2.5 Can Total Accuracy Be Achieved?

The short answer is no. There will always be some amount of data in any database that is inaccurate. There may be no data that is invalid. However, as we have seen, being valid is not the same thing as being accurate.

Data accuracy is much like air quality. You can never hope to get to 100% pure air quality within an area where people live and work. It is just not possible. However, most people can distinguish between good air quality and poor air quality, even though both have some level of imperfections. People value higher-quality air over lower-quality air; and they know the difference.

Data accuracy is the same thing. Improvements in the accuracy of data can change the perception of poor data quality to good data quality in most databases even though inaccuracies persist. It is a rare application that demands 100% accurate data to satisfy its requirements.

A database that has a 5% inaccurate data element rate will probably be very troublesome to most users. The same database at a 0.5% inaccurate rate would probably be very useful and considered high quality.
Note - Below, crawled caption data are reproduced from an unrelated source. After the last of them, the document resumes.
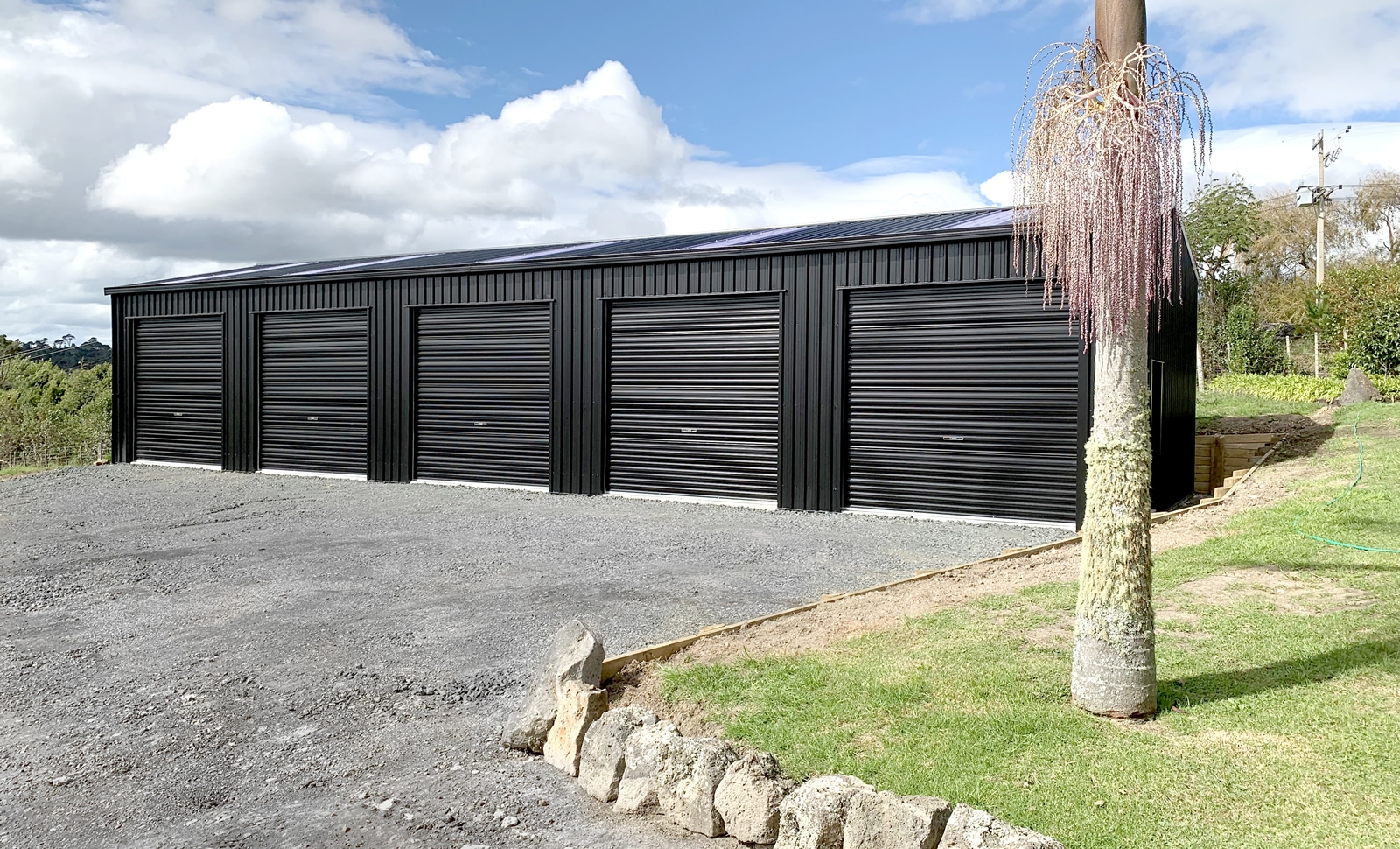 5 Bay Garage 140m2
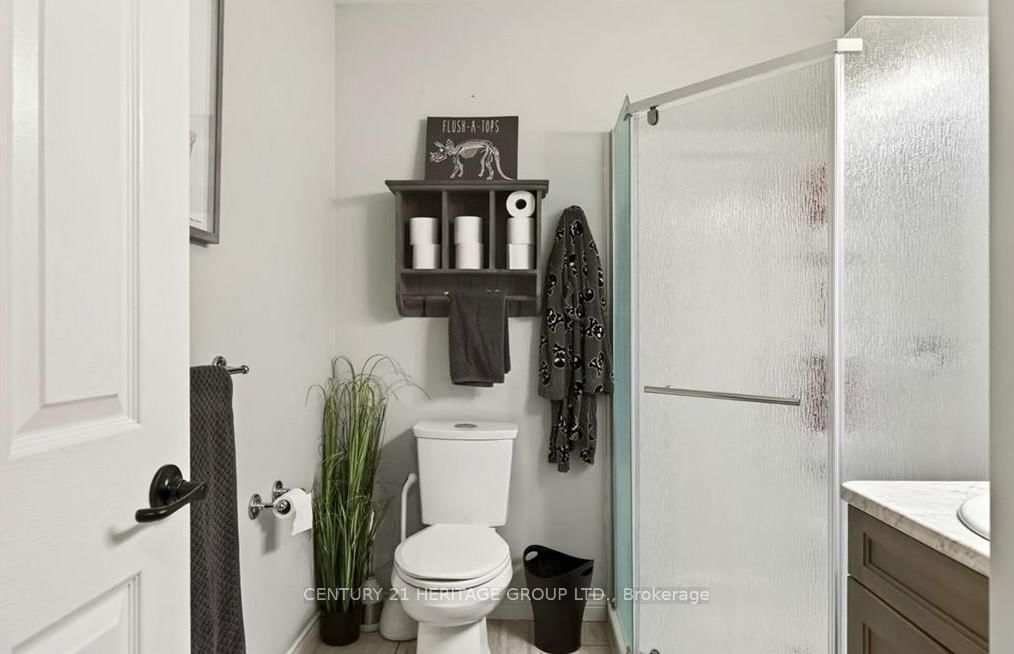 67 MacNeil Court • Haldimand, ON photo 27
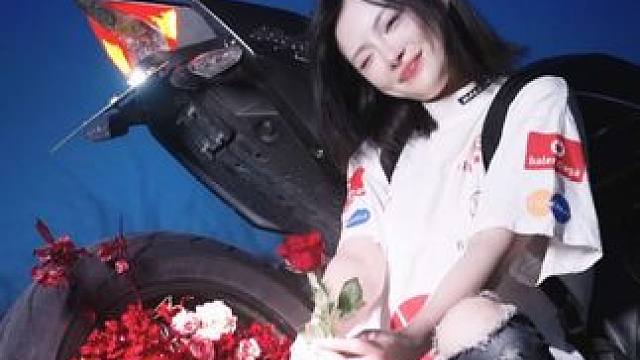 “我无名分 我不多嗔 我与你难生恨”#女骑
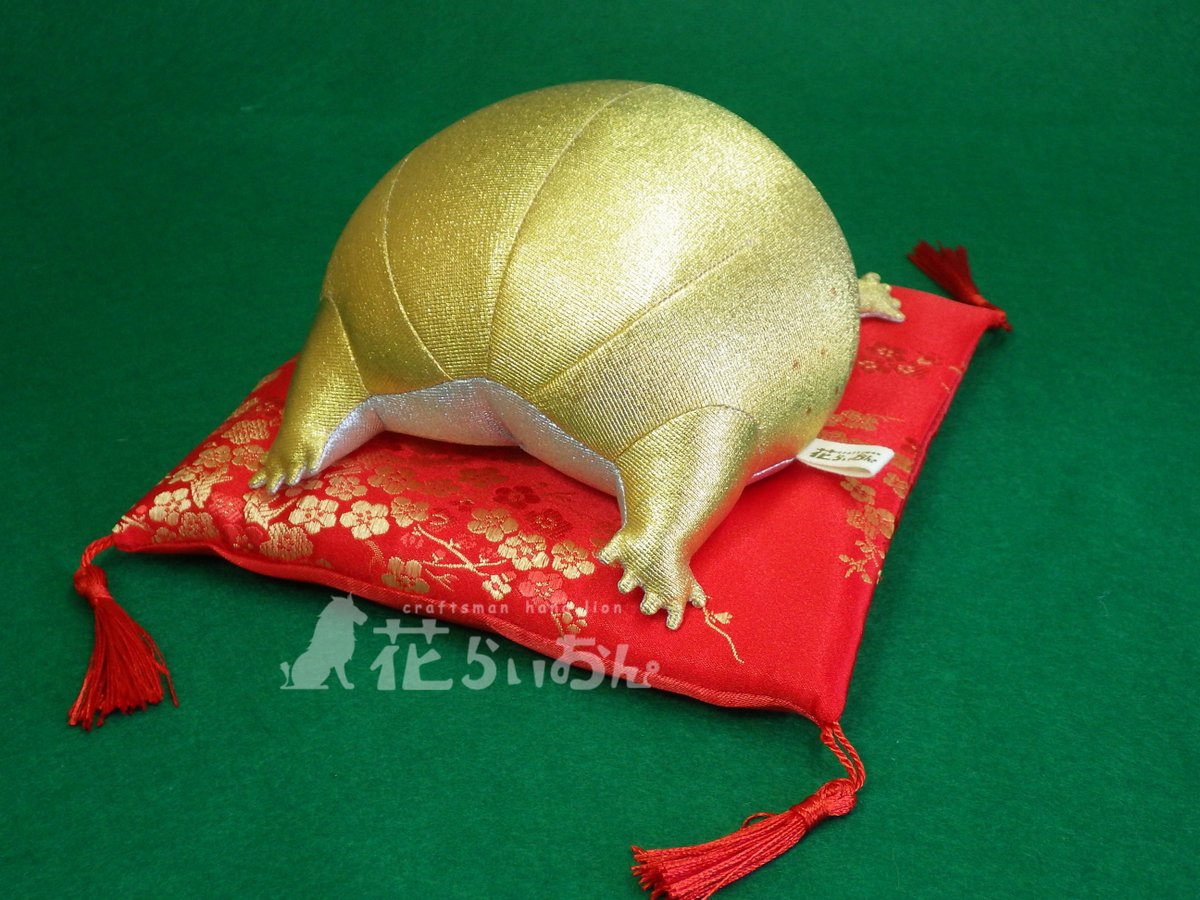 craft_hana_lion's tweet image. フォロワー5000人突破キャンペーン第一弾！！
きんきらアメフクラ様（※今回はおざぶ付き）を抽選で１名様にプレゼントします！🐸✨
応募方法はこのポストをいいね＆リポスト！
応募期間は本日より12/8(日)23：59までとなっております！
ご応募お待ちしております！！
※おざぶは市販品です...🙇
Another important concept to understand is that data inaccuracies arise for a variety of reasons. Some of these are

  • wrong values entered

  • data entry people who do not care to do the job right

  • confusing and contradictory data entry screens or forms

  • procedures that allow for data to not be entered or not be entered on time

  • procedures or policies that promote entering wrong values

  • poorly defined database systems

If you can identify and correct all of the sources except the first one, you can get very high levels of data accuracy. You are left with only the case where I meant "blue" but entered "black". Data entry technology and best practices exist that can minimize the amount of these types of errors as well.

In almost all cases where poor data quality is reported, no effort has been made to identify root causes of wrong values. Without finding root causes, improvements in the quality are not going to occur. Whenever effort is spent to identify root causes and correct them, improvements follow. The improvements are almost always noticeable and impressive.

All other reasons tend to cause a clustering of data inaccuracies around the faulty process. These are easier to find and correct than the random errors that occur just because people enter data mistakenly. If all we had left were the random errors of people, the errors would be more evenly distributed throughout the database, would be small in number, and would have minimal impact on the uses of data.

So, the long answer is yes. You can get accurate data to a degree that makes it highly useful for all intended requirements.